INTERNET PHARMACY: I'm just informing you that we need a prescription to fill this medication.

ZUG.COM: Here's the problem: I don't really have a prescription.

IP: Okay.

ZUG: So how do we get around that?

IP: We cannot send you the medication without a prescription.

ZUG: Look, as I wrote in the order, my daughter really needs this medication, and I'm not sure how to go about getting it.

IP: Your daughter needs this?

ZUG: Yeah, I read it on the Internet. Apparently Viagra is full of vitamins.

IP: Oh, well, whoever it's for, we can't ship it without a prescription.

ZUG: So if I get a prescription for my infant daughter, you'll ship me the Viagra.

IP: Whatever the doctor writes. But it has to be a legal prescription from the doctor.

ZUG: Can you define "doctor"?

IP: What do you mean?

ZUG: For instance, I have a friend, who calls himself Dr. Spinnz. He's a DJ. Could he write me a prescription?

IP: No, he has to be an MD.

ZUG: Okay, M.D. Spinnz, that's cool.

IP: No, he has to be a medical doctor, with professional medical training.

ZUG: Does it count if he knows a lot about drugs?

IP: No ... no.

ZUG: Because this dude is, like, a walking biopharma lab.


"WAAAAHHHHH! ME WANT VIAGRA!"


IP: We're an Internet mail-order pharmacy. It says right on the Web site: you need to send in a prescription.

ZUG: I thought that was just a thing to make you look legitimate.

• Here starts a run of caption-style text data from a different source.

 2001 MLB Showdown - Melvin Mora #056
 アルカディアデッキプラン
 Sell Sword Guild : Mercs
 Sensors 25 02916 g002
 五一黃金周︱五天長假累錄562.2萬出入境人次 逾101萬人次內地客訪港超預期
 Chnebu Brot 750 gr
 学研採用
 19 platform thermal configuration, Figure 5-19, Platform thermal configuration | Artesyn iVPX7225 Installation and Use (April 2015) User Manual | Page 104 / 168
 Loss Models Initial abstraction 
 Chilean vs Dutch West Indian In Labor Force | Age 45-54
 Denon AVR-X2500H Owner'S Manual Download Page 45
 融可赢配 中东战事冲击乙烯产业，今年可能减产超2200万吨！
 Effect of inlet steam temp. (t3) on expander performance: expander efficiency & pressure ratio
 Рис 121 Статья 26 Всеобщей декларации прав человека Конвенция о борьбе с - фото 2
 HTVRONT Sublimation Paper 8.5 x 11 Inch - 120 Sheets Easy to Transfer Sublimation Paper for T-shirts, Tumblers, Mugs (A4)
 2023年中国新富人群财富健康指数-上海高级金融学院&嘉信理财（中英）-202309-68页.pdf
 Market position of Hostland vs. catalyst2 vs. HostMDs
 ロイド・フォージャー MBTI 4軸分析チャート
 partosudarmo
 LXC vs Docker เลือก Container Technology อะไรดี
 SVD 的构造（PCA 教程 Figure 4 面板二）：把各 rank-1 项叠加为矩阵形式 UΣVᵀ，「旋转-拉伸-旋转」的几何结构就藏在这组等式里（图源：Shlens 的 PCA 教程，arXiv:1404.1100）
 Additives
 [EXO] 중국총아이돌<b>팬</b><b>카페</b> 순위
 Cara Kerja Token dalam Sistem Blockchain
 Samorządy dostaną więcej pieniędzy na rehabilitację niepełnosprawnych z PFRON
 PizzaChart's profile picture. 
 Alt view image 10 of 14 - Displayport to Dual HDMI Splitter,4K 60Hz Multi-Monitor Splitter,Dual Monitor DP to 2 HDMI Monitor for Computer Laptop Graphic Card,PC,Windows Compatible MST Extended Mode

IP: We are legitimate! We've been in business ten years!

ZUG: Right, I can see that from the Web site design. But are you sure this conversation isn't just a cover to make sure I'm not a cop? Is there a secret code word or something I need to say?

IP: Sir! No sir. I'm sorry. There's no password.

ZUG: Wait a minute -- the password isn't "password," is it? Did you forget to reset it?

IP: We don't do illegal business. We're not in China.

ZUG: Oh, so I need to go to a Chinese Internet pharmacy.

IP: Hold on, sir.

[I'm placed on hold for two minutes, during which she consults with an actual pharmacist.]

IP: Okay. Even if you got us the prescription for Viagra for your six-month baby, we would not be able to fill it. This is very strong medicine for a six-month baby.

ZUG: But she's a strong-willed child!

IP: This medication is very, very strong, and you haven't even talked to a doctor.

ZUG: Maybe you can give her a 5 mg dose.

IP: We cannot do that!

ZUG: I can cut them in half. I've got a pill splitter.

IP: Sir, I am cancelling your order. This medication is dangerous for your child.

ZUG: It's not! I read about it on the Internet!

IP: Well, have you spoken with a doctor about this?

ZUG: Sure, but she wouldn't give me any Viagra. And who am I going to believe, a doctor or the collective hivemind?

IP: A lot of things on the Internet are not true.

ZUG: [Angrily] That in itself is not true! Listen: you haven't read much stuff on the Internet, because a lot of it is true. Have you ever read the Wikipedia?

IP: Sir, we cannot do this for you, so we're going to cancel the order.

ZUG: Okay. I can see that a-d-v-care-dot-com abides by the strictest laws of the United States and Canada, and you're not going to ship me any Viagra for my baby.

IP: That's right.

ZUG: Also, you're ON THE NET.

IP: Yes. Thank you, sir.


So my first attempt was unsuccessful, but that still left several million online pharmacies to try next.